> Exercise goal
Exact repetition of every entry is required.

--------------------

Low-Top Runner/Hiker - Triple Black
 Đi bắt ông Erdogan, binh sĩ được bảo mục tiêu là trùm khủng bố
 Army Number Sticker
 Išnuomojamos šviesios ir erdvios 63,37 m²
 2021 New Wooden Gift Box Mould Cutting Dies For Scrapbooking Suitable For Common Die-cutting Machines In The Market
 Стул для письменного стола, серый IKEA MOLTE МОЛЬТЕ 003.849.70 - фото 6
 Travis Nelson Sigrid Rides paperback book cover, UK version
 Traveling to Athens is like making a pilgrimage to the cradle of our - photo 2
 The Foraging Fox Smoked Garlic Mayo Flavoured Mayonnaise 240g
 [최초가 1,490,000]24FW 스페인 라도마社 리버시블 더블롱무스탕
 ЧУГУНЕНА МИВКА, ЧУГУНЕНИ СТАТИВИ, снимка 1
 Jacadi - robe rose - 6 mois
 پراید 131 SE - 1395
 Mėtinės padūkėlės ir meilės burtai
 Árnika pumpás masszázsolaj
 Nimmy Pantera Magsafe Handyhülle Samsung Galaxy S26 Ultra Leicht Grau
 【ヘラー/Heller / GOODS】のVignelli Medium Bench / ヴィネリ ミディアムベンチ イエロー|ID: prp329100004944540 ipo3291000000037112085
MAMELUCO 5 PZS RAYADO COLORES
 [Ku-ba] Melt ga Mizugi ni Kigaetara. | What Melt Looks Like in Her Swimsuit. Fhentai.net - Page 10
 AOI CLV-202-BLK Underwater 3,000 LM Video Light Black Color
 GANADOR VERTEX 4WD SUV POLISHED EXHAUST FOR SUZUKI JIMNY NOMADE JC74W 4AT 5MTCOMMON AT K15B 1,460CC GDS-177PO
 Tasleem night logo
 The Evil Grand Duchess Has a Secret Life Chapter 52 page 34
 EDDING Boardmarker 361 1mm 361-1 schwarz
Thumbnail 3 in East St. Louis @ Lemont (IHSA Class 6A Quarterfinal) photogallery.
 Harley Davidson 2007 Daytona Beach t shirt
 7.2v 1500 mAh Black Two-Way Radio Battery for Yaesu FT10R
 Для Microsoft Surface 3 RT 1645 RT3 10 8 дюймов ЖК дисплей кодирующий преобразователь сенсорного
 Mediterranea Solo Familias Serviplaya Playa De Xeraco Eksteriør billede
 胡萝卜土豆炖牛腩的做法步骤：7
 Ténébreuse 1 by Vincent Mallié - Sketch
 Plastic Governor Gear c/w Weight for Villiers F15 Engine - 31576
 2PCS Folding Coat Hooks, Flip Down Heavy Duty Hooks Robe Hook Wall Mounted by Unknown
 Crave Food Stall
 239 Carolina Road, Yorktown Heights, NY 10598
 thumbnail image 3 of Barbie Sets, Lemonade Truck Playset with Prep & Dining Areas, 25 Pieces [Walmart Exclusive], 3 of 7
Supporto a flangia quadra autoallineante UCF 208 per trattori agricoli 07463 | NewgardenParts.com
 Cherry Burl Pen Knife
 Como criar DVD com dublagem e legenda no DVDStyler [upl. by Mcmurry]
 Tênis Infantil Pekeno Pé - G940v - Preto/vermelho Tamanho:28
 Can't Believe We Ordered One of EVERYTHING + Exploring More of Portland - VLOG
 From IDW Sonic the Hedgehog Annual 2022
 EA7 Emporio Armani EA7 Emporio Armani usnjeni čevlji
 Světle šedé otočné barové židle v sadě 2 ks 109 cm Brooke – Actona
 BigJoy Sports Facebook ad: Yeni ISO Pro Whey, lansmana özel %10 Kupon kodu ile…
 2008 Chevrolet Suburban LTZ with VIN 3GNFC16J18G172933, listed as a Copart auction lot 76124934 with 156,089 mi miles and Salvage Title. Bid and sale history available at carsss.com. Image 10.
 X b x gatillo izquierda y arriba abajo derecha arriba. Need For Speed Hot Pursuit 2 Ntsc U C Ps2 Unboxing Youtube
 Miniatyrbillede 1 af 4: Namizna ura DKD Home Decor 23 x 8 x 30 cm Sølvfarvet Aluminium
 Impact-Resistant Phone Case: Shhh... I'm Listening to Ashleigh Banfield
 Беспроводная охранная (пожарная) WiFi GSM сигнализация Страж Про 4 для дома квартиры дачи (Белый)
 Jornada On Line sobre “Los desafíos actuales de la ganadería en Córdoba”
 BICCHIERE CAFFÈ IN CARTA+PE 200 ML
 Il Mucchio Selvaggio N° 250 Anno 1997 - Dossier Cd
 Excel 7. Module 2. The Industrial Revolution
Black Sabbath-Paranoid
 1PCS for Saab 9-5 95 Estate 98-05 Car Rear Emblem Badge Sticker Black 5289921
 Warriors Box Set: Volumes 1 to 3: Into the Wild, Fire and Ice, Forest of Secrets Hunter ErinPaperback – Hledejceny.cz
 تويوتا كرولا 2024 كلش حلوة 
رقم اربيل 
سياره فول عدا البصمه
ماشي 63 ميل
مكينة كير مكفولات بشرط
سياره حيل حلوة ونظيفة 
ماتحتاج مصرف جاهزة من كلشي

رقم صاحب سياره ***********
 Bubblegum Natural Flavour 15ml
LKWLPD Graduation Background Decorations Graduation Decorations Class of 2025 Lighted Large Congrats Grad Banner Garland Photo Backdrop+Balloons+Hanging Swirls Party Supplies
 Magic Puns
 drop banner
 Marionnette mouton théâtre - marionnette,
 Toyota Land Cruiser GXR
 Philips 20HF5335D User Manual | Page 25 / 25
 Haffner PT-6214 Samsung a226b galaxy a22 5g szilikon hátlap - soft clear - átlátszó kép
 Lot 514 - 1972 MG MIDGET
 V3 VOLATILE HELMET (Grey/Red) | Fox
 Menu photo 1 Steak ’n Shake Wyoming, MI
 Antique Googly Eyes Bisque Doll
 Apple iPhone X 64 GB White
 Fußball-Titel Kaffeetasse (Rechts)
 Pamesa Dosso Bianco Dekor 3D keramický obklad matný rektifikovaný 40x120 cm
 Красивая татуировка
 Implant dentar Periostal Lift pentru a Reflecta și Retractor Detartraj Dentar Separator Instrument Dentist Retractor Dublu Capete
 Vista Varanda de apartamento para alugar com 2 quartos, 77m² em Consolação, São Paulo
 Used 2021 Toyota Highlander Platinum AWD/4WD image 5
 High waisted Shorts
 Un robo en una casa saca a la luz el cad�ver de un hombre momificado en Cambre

--------------------

> Solution to the problem
Low-Top Runner/Hiker - Triple Black
 Đi bắt ông Erdogan, binh sĩ được bảo mục tiêu là trùm khủng bố
 Army Number Sticker
 Išnuomojamos šviesios ir erdvios 63,37 m²
 2021 New Wooden Gift Box Mould Cutting Dies For Scrapbooking Suitable For Common Die-cutting Machines In The Market
 Стул для письменного стола, серый IKEA MOLTE МОЛЬТЕ 003.849.70 - фото 6
 Travis Nelson Sigrid Rides paperback book cover, UK version
 Traveling to Athens is like making a pilgrimage to the cradle of our - photo 2
 The Foraging Fox Smoked Garlic Mayo Flavoured Mayonnaise 240g
 [최초가 1,490,000]24FW 스페인 라도마社 리버시블 더블롱무스탕
 ЧУГУНЕНА МИВКА, ЧУГУНЕНИ СТАТИВИ, снимка 1
 Jacadi - robe rose - 6 mois
 پراید 131 SE - 1395
 Mėtinės padūkėlės ir meilės burtai
 Árnika pumpás masszázsolaj
 Nimmy Pantera Magsafe Handyhülle Samsung Galaxy S26 Ultra Leicht Grau
 【ヘラー/Heller / GOODS】のVignelli Medium Bench / ヴィネリ ミディアムベンチ イエロー|ID: prp329100004944540 ipo3291000000037112085
MAMELUCO 5 PZS RAYADO COLORES
 [Ku-ba] Melt ga Mizugi ni Kigaetara. | What Melt Looks Like in Her Swimsuit. Fhentai.net - Page 10
 AOI CLV-202-BLK Underwater 3,000 LM Video Light Black Color
 GANADOR VERTEX 4WD SUV POLISHED EXHAUST FOR SUZUKI JIMNY NOMADE JC74W 4AT 5MTCOMMON AT K15B 1,460CC GDS-177PO
 Tasleem night logo
 The Evil Grand Duchess Has a Secret Life Chapter 52 page 34
 EDDING Boardmarker 361 1mm 361-1 schwarz
Thumbnail 3 in East St. Louis @ Lemont (IHSA Class 6A Quarterfinal) photogallery.
 Harley Davidson 2007 Daytona Beach t shirt
 7.2v 1500 mAh Black Two-Way Radio Battery for Yaesu FT10R
 Для Microsoft Surface 3 RT 1645 RT3 10 8 дюймов ЖК дисплей кодирующий преобразователь сенсорного
 Mediterranea Solo Familias Serviplaya Playa De Xeraco Eksteriør billede
 胡萝卜土豆炖牛腩的做法步骤：7
 Ténébreuse 1 by Vincent Mallié - Sketch
 Plastic Governor Gear c/w Weight for Villiers F15 Engine - 31576
 2PCS Folding Coat Hooks, Flip Down Heavy Duty Hooks Robe Hook Wall Mounted by Unknown
 Crave Food Stall
 239 Carolina Road, Yorktown Heights, NY 10598
 thumbnail image 3 of Barbie Sets, Lemonade Truck Playset with Prep & Dining Areas, 25 Pieces [Walmart Exclusive], 3 of 7
Supporto a flangia quadra autoallineante UCF 208 per trattori agricoli 07463 | NewgardenParts.com
 Cherry Burl Pen Knife
 Como criar DVD com dublagem e legenda no DVDStyler [upl. by Mcmurry]
 Tênis Infantil Pekeno Pé - G940v - Preto/vermelho Tamanho:28
 Can't Believe We Ordered One of EVERYTHING + Exploring More of Portland - VLOG
 From IDW Sonic the Hedgehog Annual 2022
 EA7 Emporio Armani EA7 Emporio Armani usnjeni čevlji
 Světle šedé otočné barové židle v sadě 2 ks 109 cm Brooke – Actona
 BigJoy Sports Facebook ad: Yeni ISO Pro Whey, lansmana özel %10 Kupon kodu ile…
 2008 Chevrolet Suburban LTZ with VIN 3GNFC16J18G172933, listed as a Copart auction lot 76124934 with 156,089 mi miles and Salvage Title. Bid and sale history available at carsss.com. Image 10.
 X b x gatillo izquierda y arriba abajo derecha arriba. Need For Speed Hot Pursuit 2 Ntsc U C Ps2 Unboxing Youtube
 Miniatyrbillede 1 af 4: Namizna ura DKD Home Decor 23 x 8 x 30 cm Sølvfarvet Aluminium
 Impact-Resistant Phone Case: Shhh... I'm Listening to Ashleigh Banfield
 Беспроводная охранная (пожарная) WiFi GSM сигнализация Страж Про 4 для дома квартиры дачи (Белый)
 Jornada On Line sobre “Los desafíos actuales de la ganadería en Córdoba”
 BICCHIERE CAFFÈ IN CARTA+PE 200 ML
 Il Mucchio Selvaggio N° 250 Anno 1997 - Dossier Cd
 Excel 7. Module 2. The Industrial Revolution
Black Sabbath-Paranoid
 1PCS for Saab 9-5 95 Estate 98-05 Car Rear Emblem Badge Sticker Black 5289921
 Warriors Box Set: Volumes 1 to 3: Into the Wild, Fire and Ice, Forest of Secrets Hunter ErinPaperback – Hledejceny.cz
 تويوتا كرولا 2024 كلش حلوة 
رقم اربيل 
سياره فول عدا البصمه
ماشي 63 ميل
مكينة كير مكفولات بشرط
سياره حيل حلوة ونظيفة 
ماتحتاج مصرف جاهزة من كلشي

رقم صاحب سياره ***********
 Bubblegum Natural Flavour 15ml
LKWLPD Graduation Background Decorations Graduation Decorations Class of 2025 Lighted Large Congrats Grad Banner Garland Photo Backdrop+Balloons+Hanging Swirls Party Supplies
 Magic Puns
 drop banner
 Marionnette mouton théâtre - marionnette,
 Toyota Land Cruiser GXR
 Philips 20HF5335D User Manual | Page 25 / 25
 Haffner PT-6214 Samsung a226b galaxy a22 5g szilikon hátlap - soft clear - átlátszó kép
 Lot 514 - 1972 MG MIDGET
 V3 VOLATILE HELMET (Grey/Red) | Fox
 Menu photo 1 Steak ’n Shake Wyoming, MI
 Antique Googly Eyes Bisque Doll
 Apple iPhone X 64 GB White
 Fußball-Titel Kaffeetasse (Rechts)
 Pamesa Dosso Bianco Dekor 3D keramický obklad matný rektifikovaný 40x120 cm
 Красивая татуировка
 Implant dentar Periostal Lift pentru a Reflecta și Retractor Detartraj Dentar Separator Instrument Dentist Retractor Dublu Capete
 Vista Varanda de apartamento para alugar com 2 quartos, 77m² em Consolação, São Paulo
 Used 2021 Toyota Highlander Platinum AWD/4WD image 5
 High waisted Shorts
 Un robo en una casa saca a la luz el cad�ver de un hombre momificado en Cambre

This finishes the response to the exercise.